I don't know who I prayed for that night. But if I faced even a fraction of what you're facing... I pray that God's peace would garrison over your heart and mind. Seems like you'll need it.
And know that, for whatever reason, there is quiet warrior who is fighting on your behalf in the silent hours of the night. And it's not because I'm awesome. It's because Jesus loves you so deeply, that he calls on a random person to pray on your behalf. He loves you. More than anyone you've ever known. More than anyone else ever could.

Thursday, May 1, 2014

Life Questions

Now that I've been married over three years the question is constant: "so when are you guys having kids?"
The question doesn't bother me, I know it's only natural. And it's a question I ask myself constantly. When are we going to have kids? I don't have an answer.

It's funny, because as a child, I always wanted kids. I couldn't wait to have kids. Now I'm an adult and the idea of having kids mildly terrifies me. I know I'll never "feel" ready. It's not about waiting to be "ready." Its not even about me being afraid of not being a good parent, although trust me, that thought sneaks in there too.

What concerns me the most is what is the end goal? What is the point of having kids? What is the end result that I should be aiming for when they grow up? These are the unanswered questions that plague me. I watch a lot of people, you see. And I think about a lot things. It seems like some parents lose themselves in their kids. And by the time their kids grow up, they don't know who they are or the person they're married to. They've completely lost their identity in their kids.
I just can't help but think that can't be the way its supposed to be. In my head, I want to raise kids that are independent, passionate and driven. I want to raise kids that pursue their dreams, and don't hold back. I don't want to be surprised when my grown kids have their own lives because that's who I raised them to be. I want my kids to see me and their dad pursue our dreams, serve God, and fulfill the calling on our lives. I want that to be what is normal to them. I think examples are one of the most powerful messages you can send. And I want my kids to see the example of passionate people, that know who they are, know their calling and pursue it no matter what.

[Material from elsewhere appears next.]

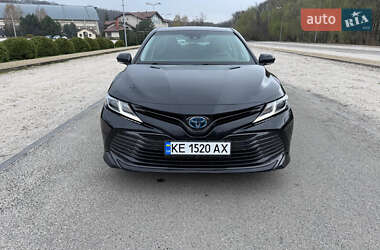 Седан Toyota Camry 2019 в Дніпрі
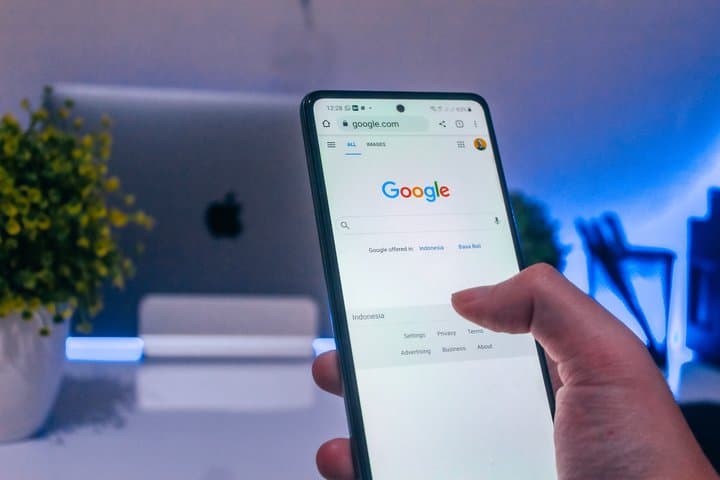 Panduan Lengkap Browsing Aman di Era Ancaman Siber Panduan Lengkap Browsing Aman di Era Ancaman Siber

It's not about being selfish. Because I know you can't be selfish and have kids. For that matter, you can't be selfish and be in ANY relationship. But I struggle with the idea that you have to throw everything out the door when you have kids. I struggle with the idea that your passion and what you're called to do just somehow disappears the moment you have kids. It seems like that's what I've seen a lot of people do. And maybe that's how it should be, I don't know. I won't pretend to be wise enough to know the answer.

Maybe this sounds incredibly stupid or like a ridiculous over-analysis. But these are the things I have to get figured out, or at least come to some conclusion about before I just blindly jump into having kids. The reason that understanding the end goal matters so much to me, is because otherwise I don't know what I'm aiming for. And I want to understand what I'm aiming for before I try raising another person.
I'm not looking for anybody to answer this for me. I'm not sure that anyone can. But I have to write out my thoughts, before I go crazy.

So these are the things that I think about. The things that I lay awake at night praying about and mulling over. I want to be the best possible parent for my children that I can be.